Hoover was the main force in the Harding administration to respond to the crisis of 1920-21 which Harding wisely ignored. The contraction in the economy was very severe but we recovered quickly and no one remembers it--except Austrian economists like Rothbard.
And considering the lengths Roosevelt was willing to go to I'm not surprised Hoover didn't like all of The New Deal. I'm not sure Hoover or anyone else saw the seizing of all gold coming. I'm not sure why history forgives him for that act of theft.

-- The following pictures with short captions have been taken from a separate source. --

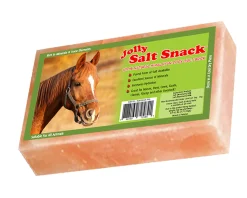 ANIMAL HEALTH INT Salt Licks & Holders|Horsemen’s Pride™ Jolly Salt Snack Brick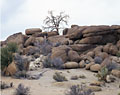 Snag and boulders. Joshua Tree National Park. California.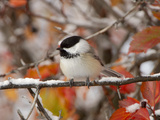 Adult Black-capped Chickadee in Snow, Grand Teton National Park, Wyoming, USA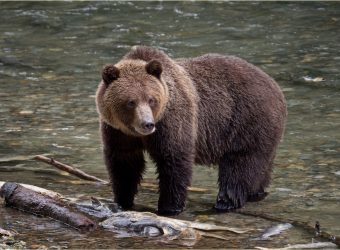 oso Grizzly bear en su estado salvaje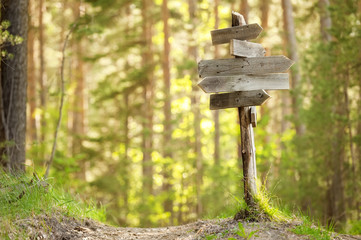 Track pointer on a forest road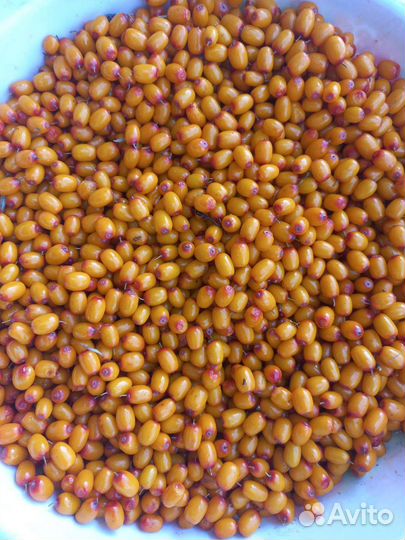 Облепиха свежая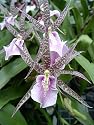 Miltassia Charles M Fitch orchid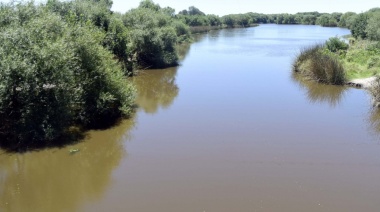 Denuncia ante la Justicia del uso ilegal de tierras en el humedal del arroyo El Pescado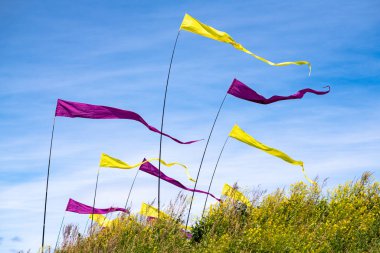 Uçurtma festivalinde mor ve sarı bayraklar dalgalanıyor.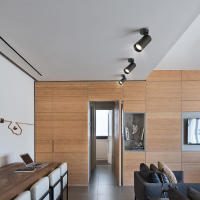 SpotLight LED 220V Luz De Punto COB Fijación En Techo Farol Plegable Fixture Luz De Banda Para Iluminación Interior Cocina Hogar - details 13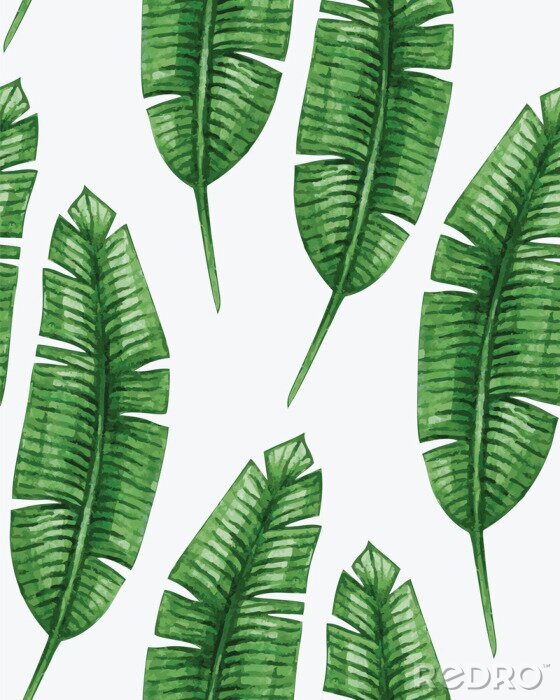 Fotobehang Weelderige groene bananenbladeren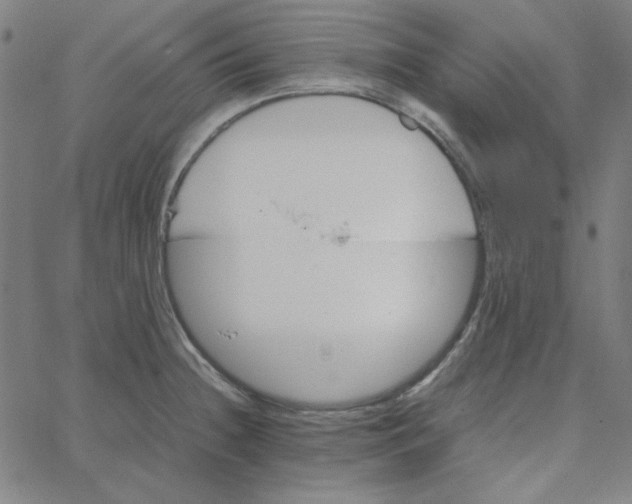 X0000067521236200604281625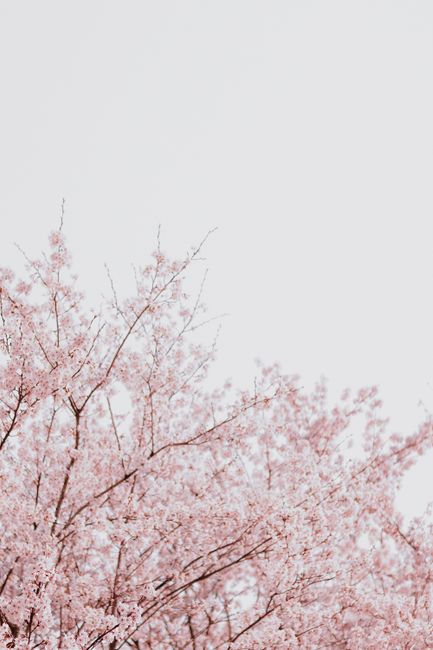 From below of blooming Sakura tree with pink flowers growing in nature against light cloudy sky in daytime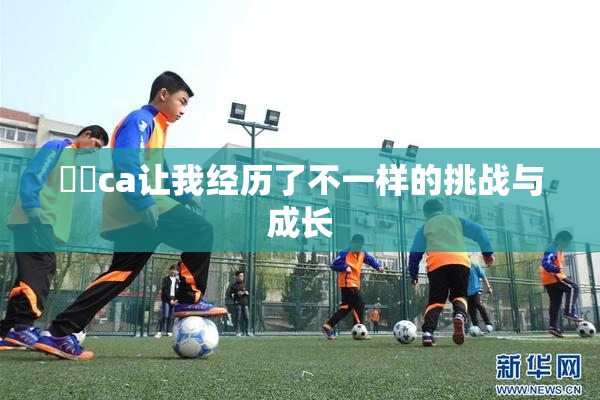 妺妺ca让我经历了不一样的挑战与成长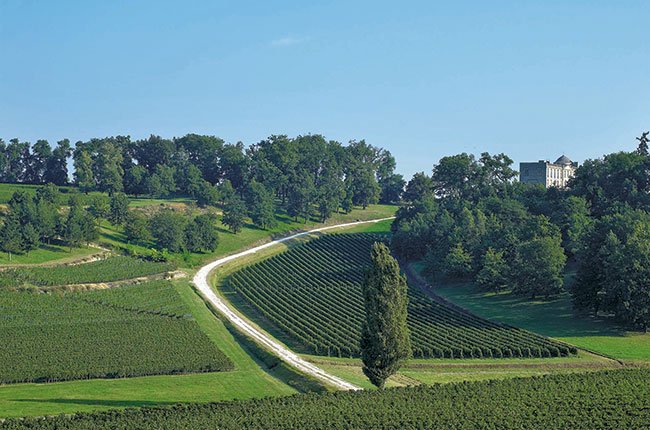 Thương hiệu Chateau Laroque – Biểu tượng Grand Cru Classe của Saint-Émilion | Wine Home Rượu Vang Nhập Khẩu Vườn nho Chateau Laroque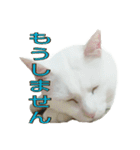 たまごねこねこ3（個別スタンプ：16）
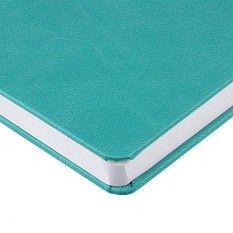 Ежедневник Base Mini, недатированный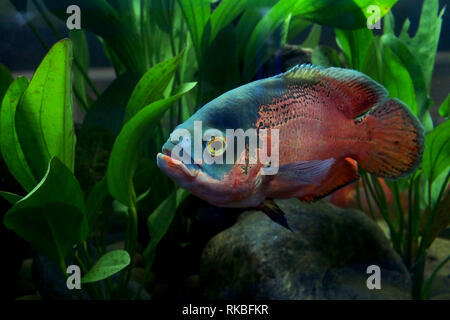 Astronotus ocellatus oder Oscar Fische im Aquarium Stockfoto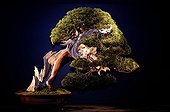Chinese Juniper Bonsai upon exposure France  ; Tree presented at the event "Folies Flora" in an exhibition "The 30 most beautiful Bonsai in Europe"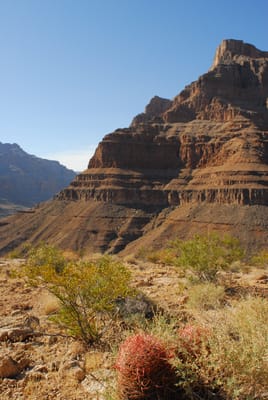 DSC_0925.JPG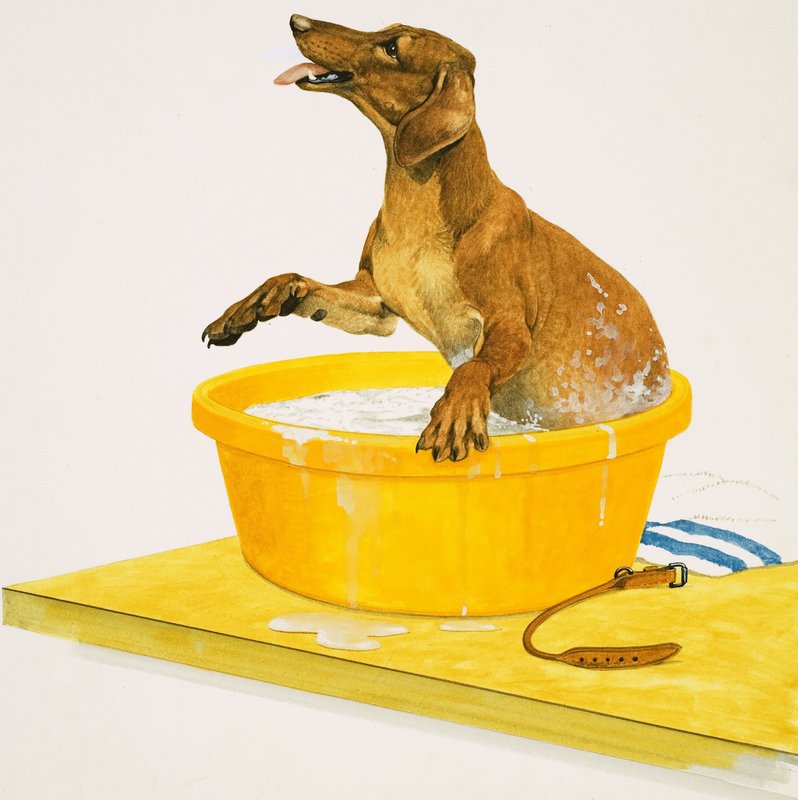 Den Hund waschen von English School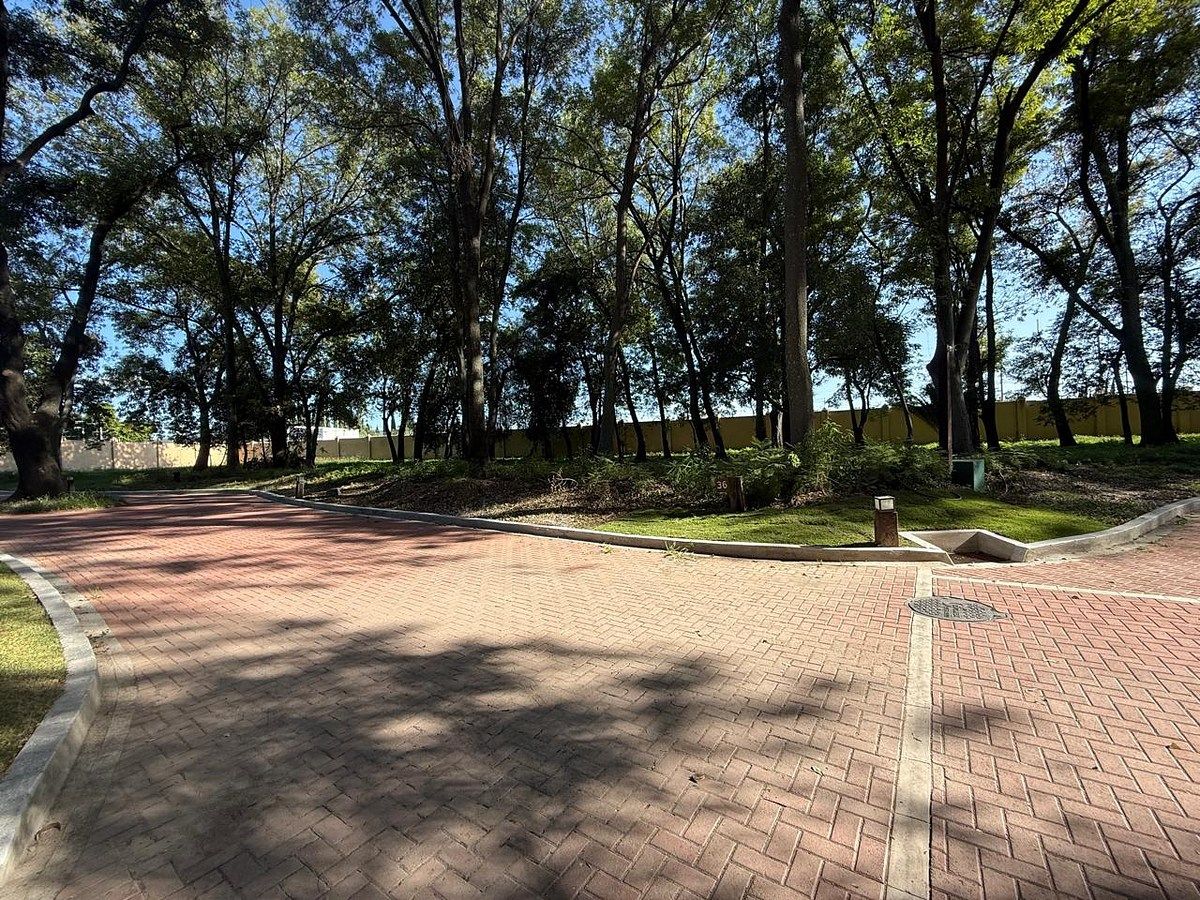 Entorno lote 36, foto 6 de 19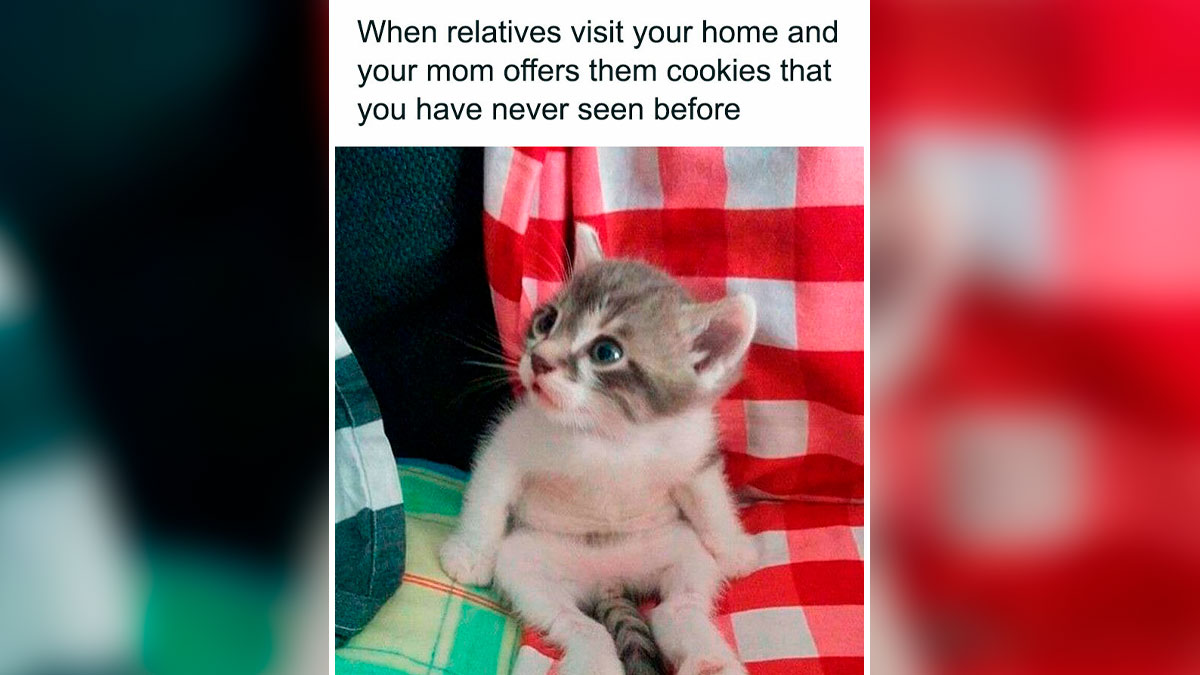 Cute kitten sitting on a red checkered blanket with a surprised expression, a funny meme about looking at memes.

I have read another book that said that the early new deals program and regulatory framework were essentially made by insider players, who wrote the rulebooks to fit their business operations. Suddenly, you would have a few entrepreneurs and businessmen, jailed because they do a few things differently.
For example, from my fallible memory, a businessman who sold tires has to compete with Goodyear, who have locations around the country. In order for his business to survive, he must sell his tries cheaper than Goodyears does. However, he got fined because Goodyear wrote the regulation rules for the tire industry.
Which one is more likely in your opinion? The image of government programs being an entirely benevolent operation put forward by FDR, or political machines benefiting some people more than others, sometime at the expenses of one another?
If I got a job with the work progress administration, I might be inclined to vote for FDR because he gave me a job, not whether or not if the work progress administration benefit the economy.
http://en.wikipedia.org/wiki/File:Debt1929-50.jpg
It is true, however, that he raised taxes on the rich. Sound like anyone we know?
You got it backwards. In fact FDR campaigned against Hoover's deficit spending.
Once in office, FDR reversed course and doubled-down on Hoover's approach.
Hoover and FDR shared a belief that excess production was the problem - that's why both pushed govt programs to restrict it. That's what put the "Great" in "Great Depression". (Previous panics didn't last nearly as long.) FDR didn't back off until the approaching WWII made it obvious that an "Arsenal of Democracy" had to actually produce massive amounts of stuff.
FWIW, Congressional Repubs at the time voted overwhelmingly for Social Security.
Are we voting for goodness or troll points? I get confused.
The biggest problem we have is the obsession with GDP instead of trying to measure things like wealth creation - which is precisely what Henry Ford was in the business of.
That is pretty evil mastermind... he's thinking on a whole other level.
"[The well-managed business'] workmen have the leisure to enjoy life and the wherewithal with which to finance that enjoyment."
Ford theorizes that greater amounts of leisure time and better pay for workers are good for both the workers, for their enjoyment, and the employers, for having larger markets; I don't see this as evil.
Bernays pioneered many modern advertising techniques. He created demand where none existed prior, typically though psychological means. Torches of Freedom is a famous example:
http://en.wikipedia.org/wiki/Torches_of_Freedom
Supposedly, he also had a hand in convincing the public that water fluoridation was safe and beneficial to human health, on behalf of Alcoa, and in concert w/ the American Dental Association. Does anyone have a primary source for that one?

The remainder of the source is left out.